Short web captions

──────────

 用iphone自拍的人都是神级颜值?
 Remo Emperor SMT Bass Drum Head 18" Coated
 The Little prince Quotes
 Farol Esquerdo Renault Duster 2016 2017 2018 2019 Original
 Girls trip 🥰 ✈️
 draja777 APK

──────────

BRIEF: Retype every record above exactly as it appears.

ANSWER SPACE:
 用iphone自拍的人都是神级颜值?
 Remo Emperor SMT Bass Drum Head 18" Coated
 The Little prince Quotes
 Farol Esquerdo Renault Duster 2016 2017 2018 2019 Original
 Girls trip 🥰 ✈️
 draja777 APK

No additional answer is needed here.